Tuesday, September 2, 2008
Ploughman's Pickles
A ploughman's lunch is a simple affair of bread, cheese, pickle, and perhaps some other vegetables or pate dressing things up. When I say pickle, I don't mean a pickled cucumber, I mean some sort of preserved vegetable. Pickled onions, I think, are popularly served with a Ploughman's, and I think Branston pickle is also a reliable contributor. It's a little known fact about me that when I was growing up, I loved cheddar cheese and dill pickle on white bread, which must have bemused my mother to no end. While other kids were unwrapping their PB&J, I was happily working through my cheese and pickle sandwiches.
These days, cheese is pretty rare in our house, as it's quite expensive in Japan. Every once in a while, though, Sous-chef Peter crumbles and comes home with a wedge of extra-old cheddar from the Seijo Iishi, an imported-foods store. This week, the stars aligned, and while Peter was in Yokohama, buying a wedge of cheese, I was in Chigasaki, picking up a bag of red onions for the ridiculously low price of 198 yen. When I got home and realized what I had on hand, I went to work making a quick sweet pickle from the onions.

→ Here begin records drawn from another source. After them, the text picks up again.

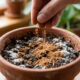 Esse ingrediente comum de cozinha elimina o mofo branco da terra do vaso em 24 horas: o truque simples com propriedades fungicidas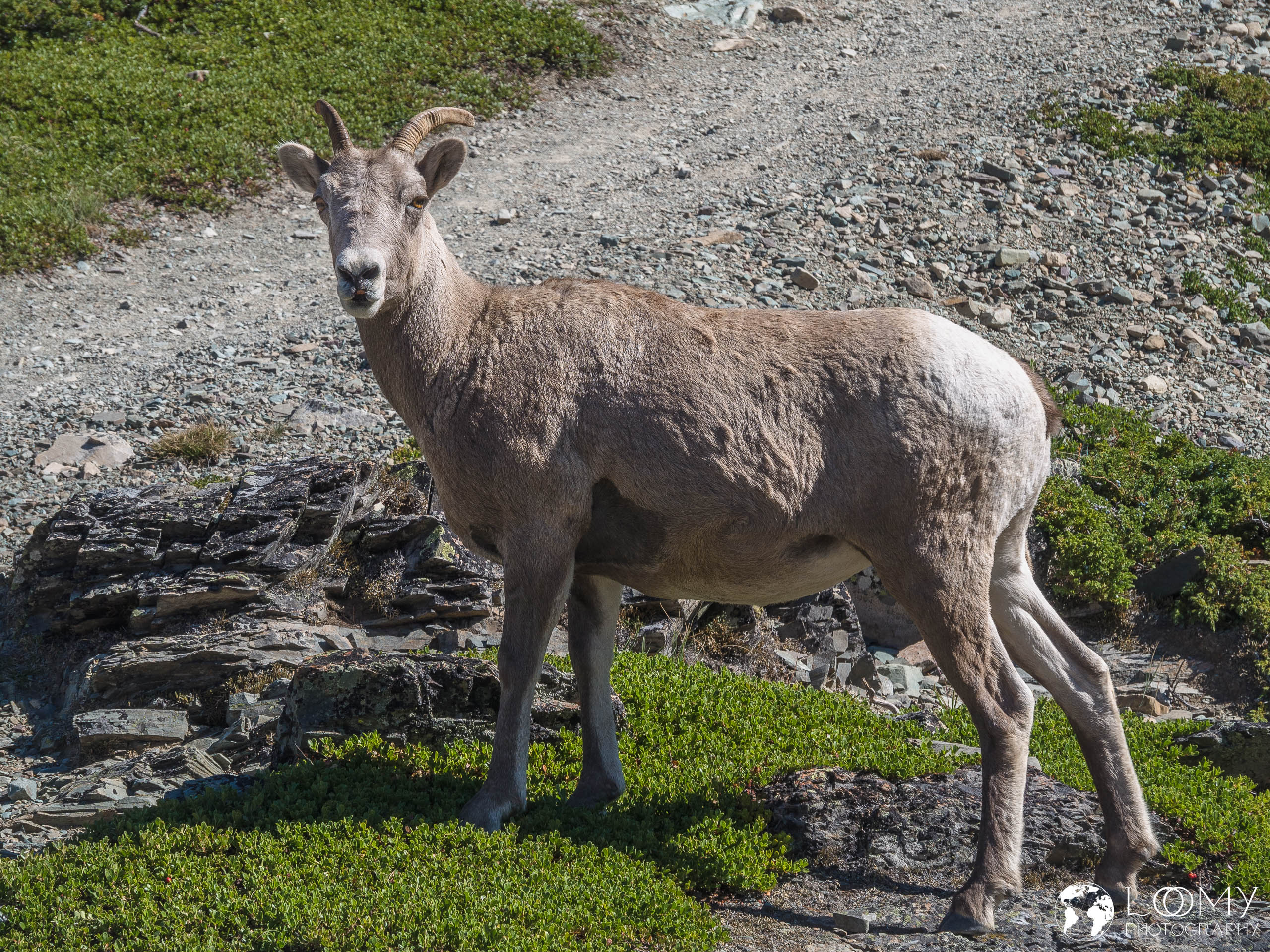 Bighorn Mountain Sheep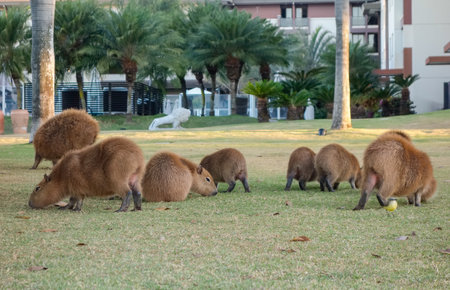 large group of capybaras, Hydrochoerus hydrochaeris, feeding in condominium area in Brasilia, Brazil.の写真素材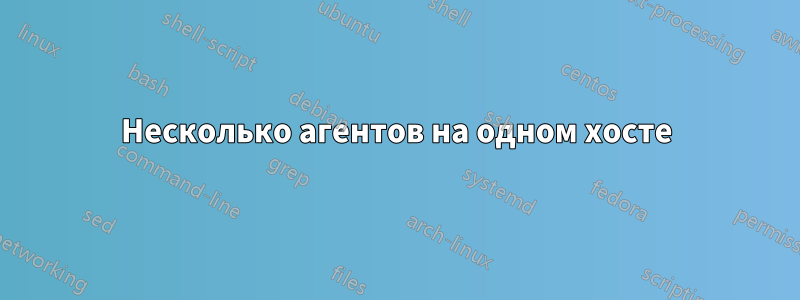 Несколько агентов на одном хосте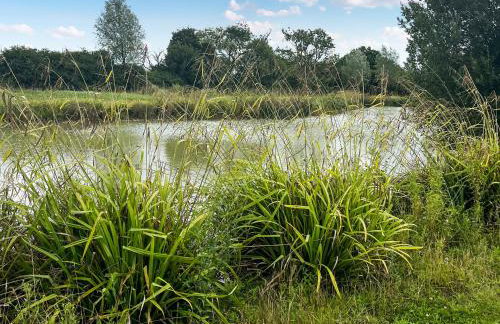 Willow Cottage - Foto 13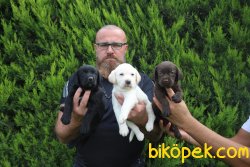 Labrador Çikolata Siyah Şampanya Yavrular 1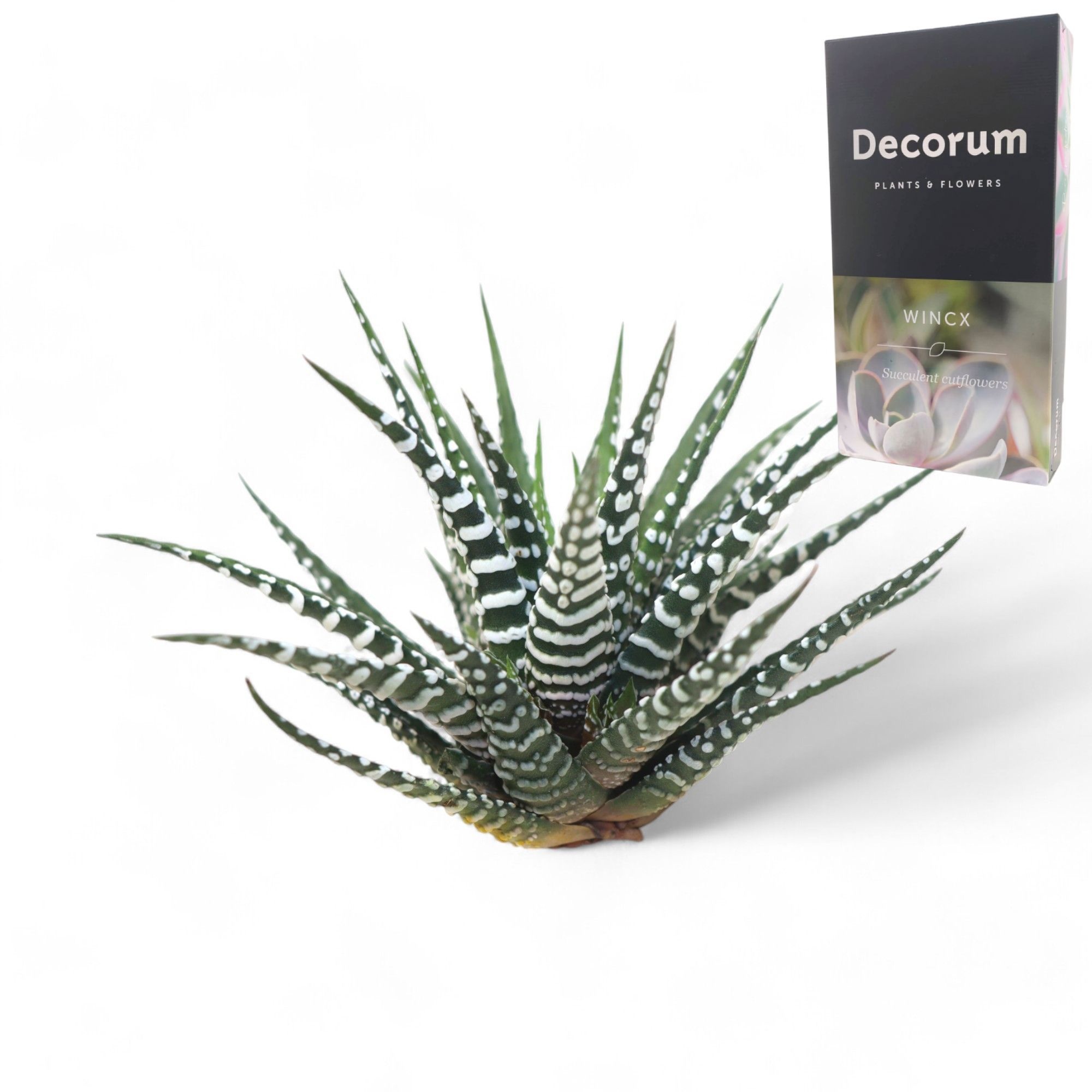 Haworthia Fasc. Big Band Cutfl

I cut up about 5 smallish red onions, and tossed them in 2 tablespoons or so of salt. I use sea salt, since it's what I have on hand, but pickling salt is probably best for this sort of thing. When you make proper canned pickles, it's important to get the ratio of salt correct for food safety reasons, but since I don't have the proper equipment or storage space for canning, I go about this as if I were making a quick pickle. A jar of pickled onions doesn't stand a chance of last longer than a couple of days in my house, anyway. Once the onions are salted, I use a Japanese tsukemono-ki (pickle press) to press out the water. You could leave your onions in a non-reactive bowl, with another bowl, full of water to act as a weight on top. After 10 or 15 minutes of this (long enough for me to die trying to attempt world 1-1 in Super Mario Brothers) I drain off the liquid, and give the onions a quick rinse in water. I try to squeeze out any extra liquid with my hand. Then I put them into a glass jar - one I got at Muji, for just this purpose.
Once I crammed all the onions into the glass jar, I boiled 2/3 cup each of rice vinegar and sugar. No particular reason for this measurement, other than it seems to fill the jar I have on hand. If you have a smaller or larger batch you'd like to do, just use a 1:1 ratio of vinegar and sugar. You may find this yields quite a sweet pickle, especially if your onions are quite mild. In this case, you may want to reduce the sugar down to 1/2 cup. I've also heard of people using Splenda instead of sugar, and why not?
I left the onions in their bath overnight, and today I ate the marvellous sandwich pictured above for breakfast. A bit of rye bread, toasted, and spread sparingly with butter. Then, a heaping pile of onions for tang and crunch, topped off with a few shavings of cheddar (at 700 yen for 200g, you'd better believe a thin shaving!). If you wanted to make a killer, decadent sandwich, you could smother the onions with cheese and broil the whole lot of it, so that the molten cheese conceals a layer of sweet, tangy pickle. Not that I thought about doing that, though. I am a model of restraint.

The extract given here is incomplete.